--- SOURCE INFORMATION ---

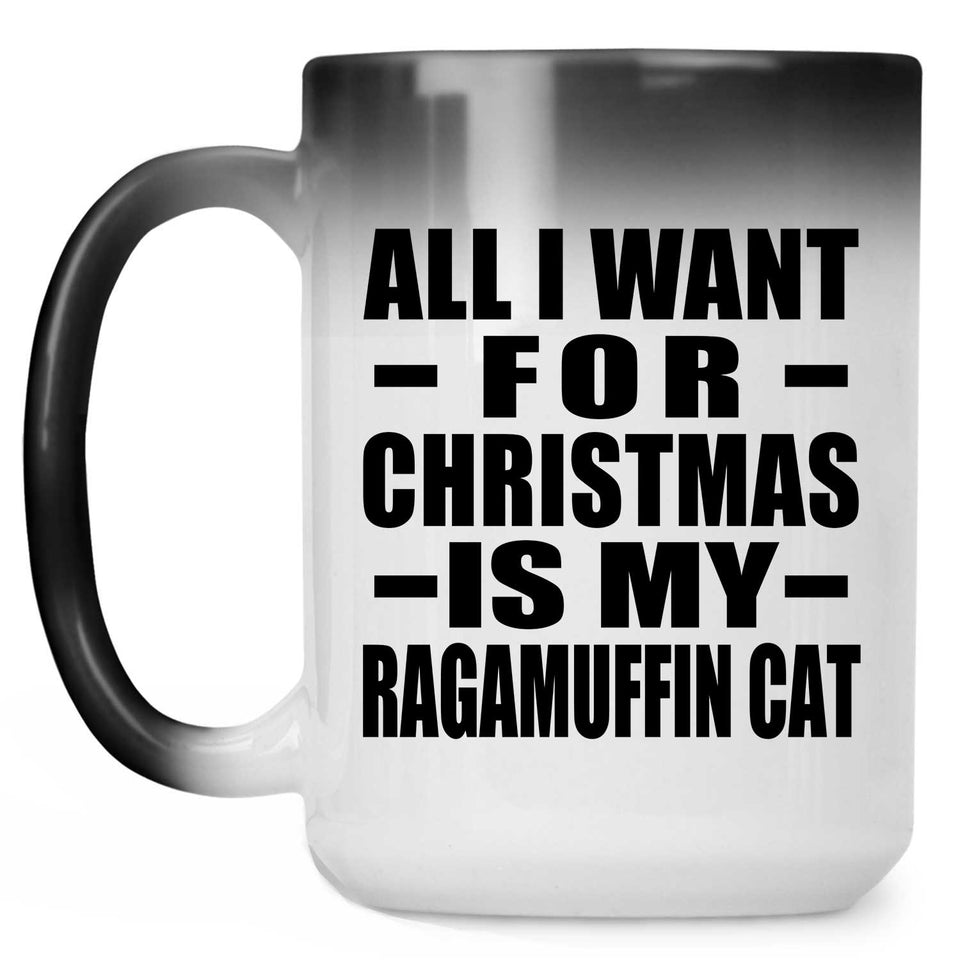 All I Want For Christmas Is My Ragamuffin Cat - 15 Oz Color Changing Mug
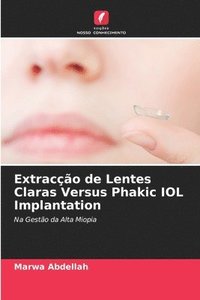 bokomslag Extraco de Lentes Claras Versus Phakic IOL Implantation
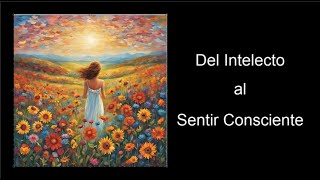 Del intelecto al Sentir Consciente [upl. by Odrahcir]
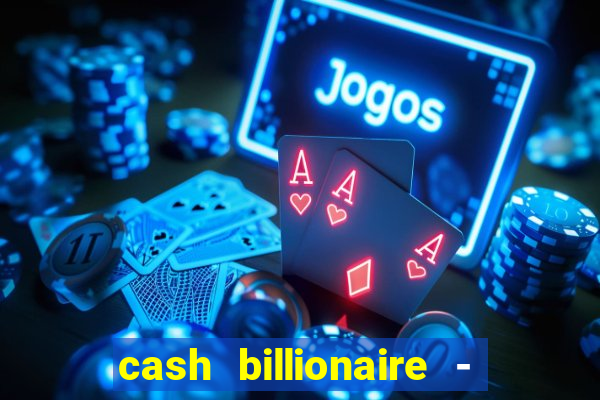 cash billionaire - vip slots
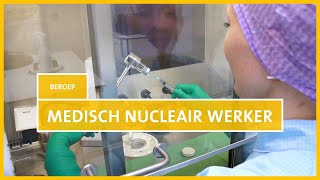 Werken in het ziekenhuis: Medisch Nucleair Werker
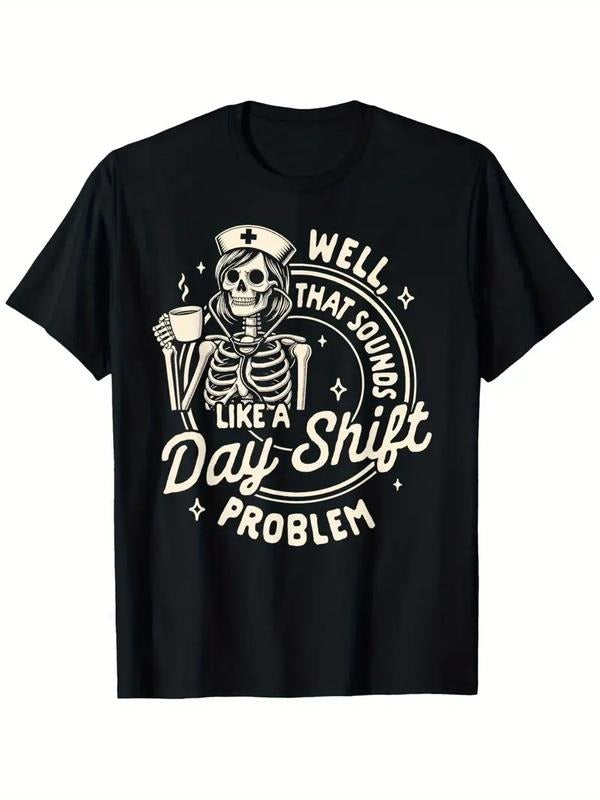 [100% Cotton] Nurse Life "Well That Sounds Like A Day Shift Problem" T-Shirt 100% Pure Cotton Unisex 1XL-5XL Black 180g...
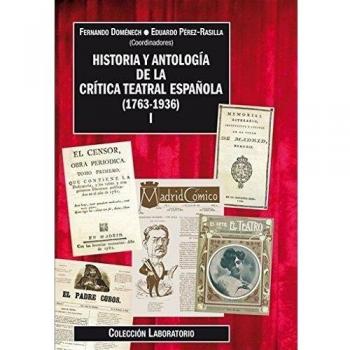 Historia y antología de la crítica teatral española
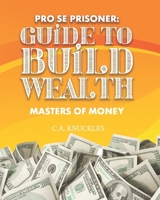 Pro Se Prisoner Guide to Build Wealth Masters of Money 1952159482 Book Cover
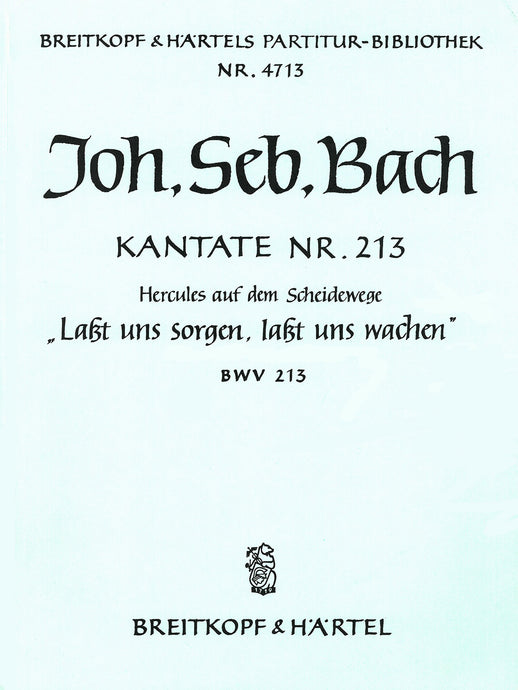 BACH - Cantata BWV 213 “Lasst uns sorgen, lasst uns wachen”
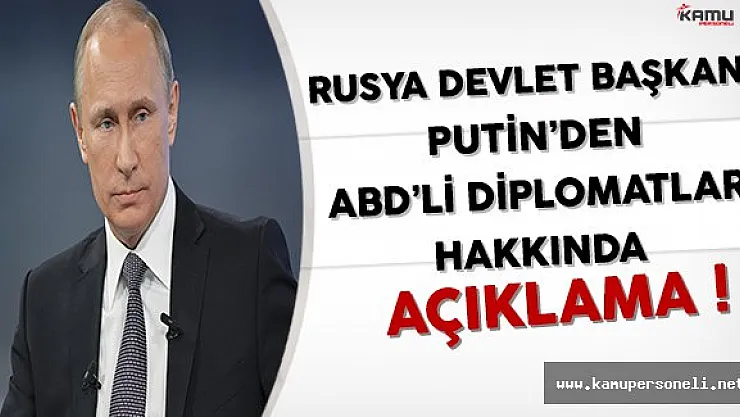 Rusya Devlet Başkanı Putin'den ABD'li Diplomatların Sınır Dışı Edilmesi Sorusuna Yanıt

---

Leave the pictures out. Transcribe exactly the lines from the one with "cash billionaire - vip slots" through the end of the records.

◆ **ANSWER TO THIS TASK**:
 cash billionaire - vip slots
 Werken in het ziekenhuis: Medisch Nucleair Werker
 [100% Cotton] Nurse Life "Well That Sounds Like A Day Shift Problem" T-Shirt 100% Pure Cotton Unisex 1XL-5XL Black 180g...
 Historia y antología de la crítica teatral española
 Pro Se Prisoner Guide to Build Wealth Masters of Money 1952159482 Book Cover
 BACH - Cantata BWV 213 “Lasst uns sorgen, lasst uns wachen”
 Rusya Devlet Başkanı Putin'den ABD'li Diplomatların Sınır Dışı Edilmesi Sorusuna Yanıt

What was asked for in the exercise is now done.